• Dataset
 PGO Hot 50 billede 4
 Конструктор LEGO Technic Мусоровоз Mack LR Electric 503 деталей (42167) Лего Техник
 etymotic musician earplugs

--

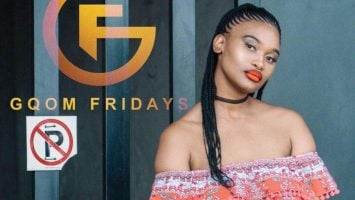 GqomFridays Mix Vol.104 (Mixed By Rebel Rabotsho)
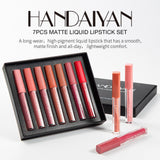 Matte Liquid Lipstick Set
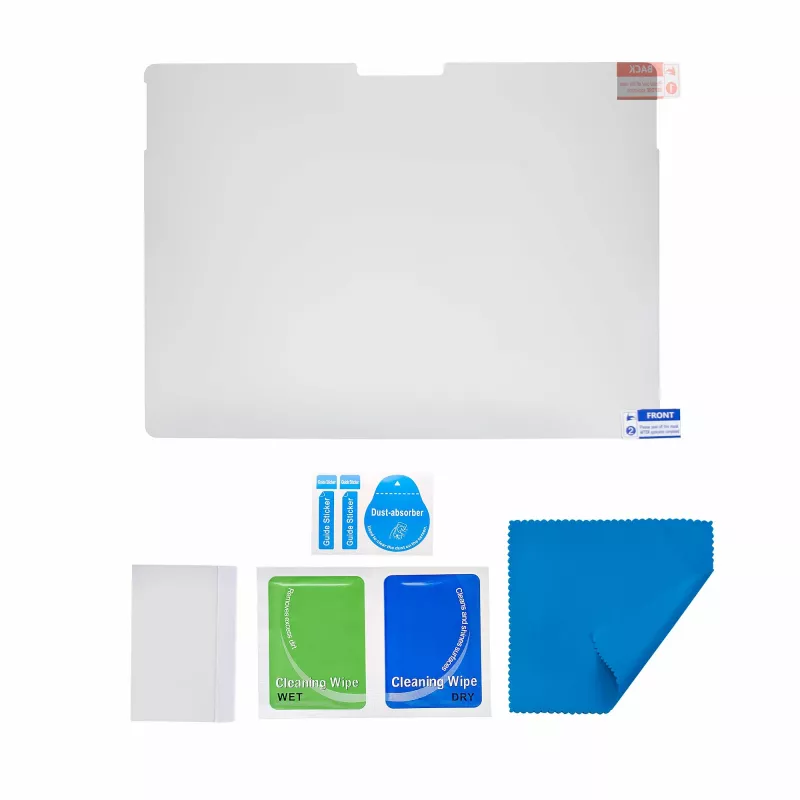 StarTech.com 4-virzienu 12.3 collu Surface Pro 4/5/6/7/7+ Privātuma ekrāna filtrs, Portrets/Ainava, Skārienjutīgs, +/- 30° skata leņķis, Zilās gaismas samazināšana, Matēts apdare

• Work required
Output should consist of the lines above from the one with "Matte Liquid Lipstick Set" down to the one with "StarTech.com 4-virzienu 12.3", exact and without pictures.

• Written response
 Matte Liquid Lipstick Set
 StarTech.com 4-virzienu 12.3 collu Surface Pro 4/5/6/7/7+ Privātuma ekrāna filtrs, Portrets/Ainava, Skārienjutīgs, +/- 30° skata leņķis, Zilās gaismas samazināšana, Matēts apdare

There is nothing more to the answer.